Angela Y. Davis is known internationally for her ongoing work to combat all forms of oppression in the U.S. and abroad. Over the years she has been active as a student, teacher, writer, scholar, and activist/organizer. She is a living witness to the historical struggles of the contemporary era.
Professor Davis’s political activism began when she was a youngster in Birmingham, Alabama, and continued through her high school years in New York. But it was not until 1969 that she came to national attention after being removed from her teaching position in the Philosophy Department at UCLA as a result of her social activism and her membership in the Communist Party, USA. In 1970 she was placed on the FBI’s Ten Most Wanted List on false charges, and was the subject of an intense police search that drove her underground and culminated in one of the most famous trials in recent U.S. history. During her sixteen-month incarceration, a massive international “Free Angela Davis” campaign was organized, leading to her acquittal in 1972.

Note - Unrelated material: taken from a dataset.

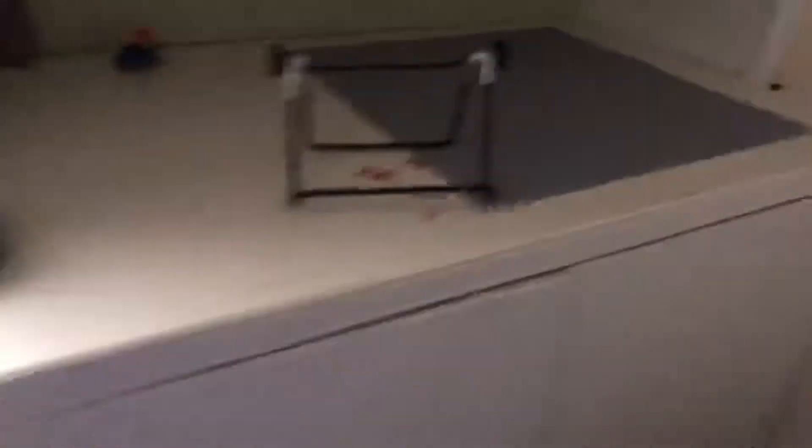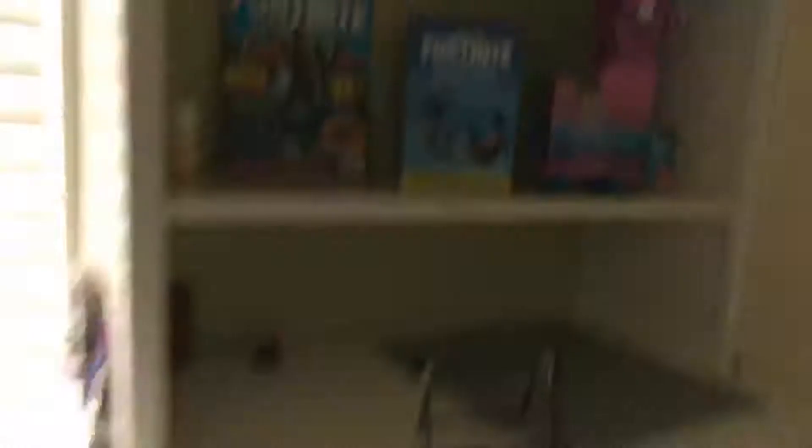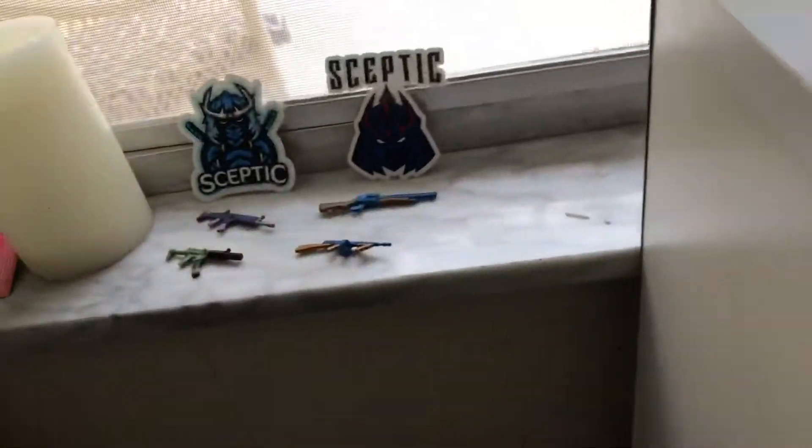That's the setup right here. I got my stand for the iPad when I play Fortnite, I got my gaming laptop, I got my Fortnite shelf, my Fortnite sunscreen, and I got my free skeptic stuff with skeptic guns. But still.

Professor Davis’s long-standing commitment to prisoners’ rights dates back to her involvement in the campaign to free the Soledad Brothers, which led to her own arrest and imprisonment. Today she remains an advocate of prison abolition and has developed a powerful critique of racism in the criminal justice system. She is a founding member of Critical Resistance, a national organization dedicated to the dismantling of the prison industrial complex. Internationally, she is affiliated with Sisters Inside, an abolitionist organization based in Queensland, Australia that works in solidarity with women in prison.
Like many educators, Professor Davis is especially concerned with the general tendency to devote more resources and attention to the prison system than to educational institutions. Having helped to popularize the notion of a “prison industrial complex,” she now urges her audiences to think seriously about the future possibility of a world without prisons and to help forge a 21st century abolitionist movement.

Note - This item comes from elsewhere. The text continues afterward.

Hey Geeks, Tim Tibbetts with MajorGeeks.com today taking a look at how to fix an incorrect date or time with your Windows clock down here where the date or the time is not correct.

Ibram X. Kendi, an award-winning historian and New York Times best-selling author, is Professor of History and International Relations and the Founding Director of the Antiracist Research and Policy Center at American University. He is an Ideas Columnist at The Atlantic. His second book, STAMPED FROM THE BEGINNING: THE DEFINITIVE HISTORY OF RACIST IDEAS IN AMERICA, was published by Nation Books and won the 2016 National Book Award for Nonfiction. At 34 years old, Kendi was the youngest ever winner of the NBA for Nonfiction.

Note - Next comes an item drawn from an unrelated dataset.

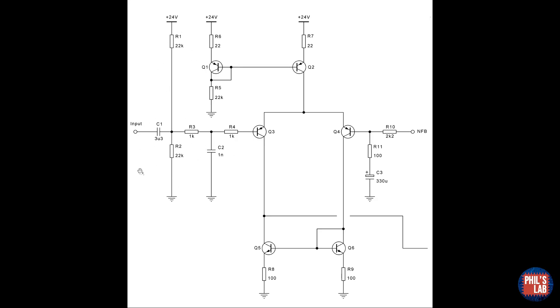C1 prevents any DC bias from the previous stage interfering with this stage, and also together with R1 and R2 forms a high pass filter, thus defining the lower end of the bandwidth of the amplifier.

A frequent speaker and contributor of op-eds, Kendi has written for several periodicals including Diverse: Issues in Higher Education, The Root, Salon, The New York Times, New York Daily News, Time, Signature, The Huffington Post, The Washington Post, and The Chronicle of Higher Education. He is currently working on his next book, HOW TO BE AN ANTIRACIST, which will be published in 2019 by One World, a division of Penguin Random House.